ACA replacement bill clouds future of Children's Health Insurance Program
Passage of the House Republicans' healthcare overhaul bill may have created political and policy complications for the popular Children's Health Insurance Program, whose funding will end in September unless Congress reauthorizes it.
The Senate Finance Committee postponed a planned hearing on CHIP reauthorization scheduled for Tuesday, reportedly at the request of committee Democrats who didn't want work on the House GOP's American Health Care Act to overshadow efforts to extend the children's program.
In addition, Republicans may seek to delay consideration of renewed funding for CHIP to use it as leverage to get Democrats and moderate Republicans to support their broad healthcare reform legislation, said Joe Antos, a conservative health policy expert at the American Enterprise Institute. Others predict funding for federally qualified community health centers also may become part of the negotiations.
That worries children's healthcare advocates, who argue CHIP — which has enjoyed bipartisan support since its creation 20 years ago — is so important to the 8.4 million low- and moderate-income children it covers that it should be kept out of the looming partisan war over the AHCA. An estimated two million CHIP enrollees have serious chronic conditions.
"Rolling CHIP into the broader debate would be very unfortunate," said Joan Alker, executive director of the Center for Children and Families at Georgetown University.
Advocates also fear that the House GOP bill's Medicaid cuts and restructuring would squeeze CHIP coverage because eligibility and financing for Medicaid and CHIP are intertwined. About 37 million low-income children are covered by Medicaid.
The House bill would cap the growth of federal Medicaid payments to the states, reducing per-beneficiary contributions for children and other groups below actual Medicaid costs. The Congressional Budget Office projected it would cut federal Medicaid spending by $839 billion, or 25%, over 10 years.
"If you do mortal damage to Medicaid, which the AHCA does, it would spill over to CHIP, which is joined at the hip with Medicaid," said Sara Rosenbaum, a George Washington University law professor who served until recently as chair of the Medicaid and CHIP Payment and Access Commission (MACPAC).
MACPAC recommended in December that Congress extend CHIP funding for five years, through September 2022 to assure stability and continuity of coverage or low- and moderate-income children "at a time of tremendous uncertainty in health insurance markets."
It also asked lawmakers to continue enhanced federal CHIP contributions to the states authorized by the Affordable Care Act. That bumped up federal matching rates by 23% through September 2019. As a result of that increase, the feds have picked up 88% to 100% of states' costs for the program.
The CHIP program cost the federal government about $15 billion in 2017.
In addition, the commission urged Congress to extend through 2022 an ACA provision barring states from reducing CHIP eligibility below the levels in place before the ACA took effect.

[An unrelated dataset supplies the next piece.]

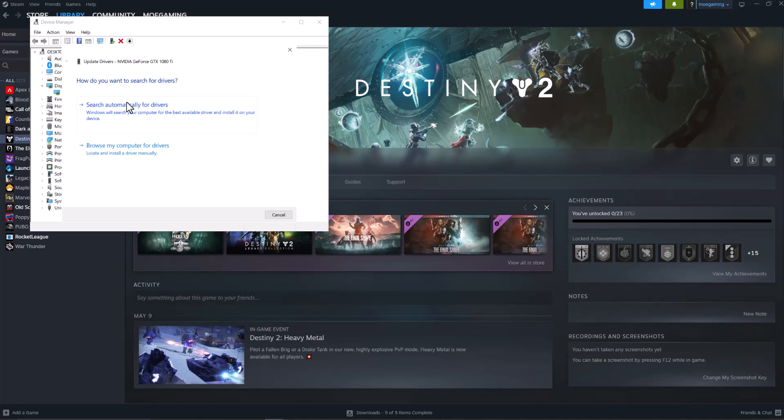This should update the graphic card but if it doesn't, copy paste this into Google and write driver update to get the driver update directly from the manufacturer's website, whether NVIDIA or AMD or whoever it is. Install it from there and you should be good to go and not have this error persist any longer.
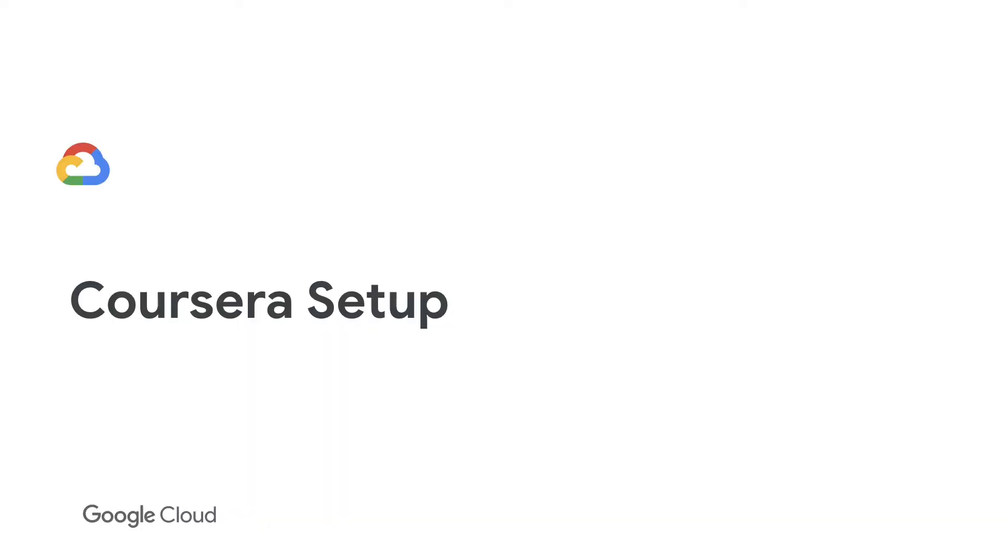We have reviewed steps for your account setup in Coursera, student invitations, and learning progress monitoring.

Some states, such as West Virginia, have signaled they will end their CHIP programs if they don't have certainty that federal funding will continue. Thirty-four states will have spent their remaining federal CHIP allotments by next March. MACPAC said Congress should extend CHIP "as soon as possible" to mitigate budget uncertainty for the states.
But congressional Republicans may resist some of MACPAC's recommendations. In 2015, House Republicans released a discussion draft that proposed ending the enhanced federal match and the state maintenance-of-effort provisions.
Some policymakers want to phase out CHIP and move these children and their families into subsidized commercial coverage in the individual market. But research has shown that shifting CHIP beneficiaries into marketplace plans would sharply increase out-of-pocket costs and reduce access to care, particularly for children with chronic conditions.
Advocates are particularly nervous about moving CHIP enrollees into marketplace plans under the new system proposed by House Republicans, which would feature smaller subsidies and fewer consumer protections than those offered by the Affordable Care Act.
"As a pediatrician, I'd be concerned if those changes led to decreases in services that children with chronic conditions would receive or increases in how much parents would pay out of pocket," said Dr. Alon Peltz, who co-authored a recent Health Affairs article showing CHIP offers lower out-of-pocket costs than marketplace plans.
He'd like to see Congress stop treating CHIP as a political football, with the program facing an uncertain reauthorization process every few years. "We'd all love to see a long-term solution to providing affordable, high-quality coverage for this group of children," he said.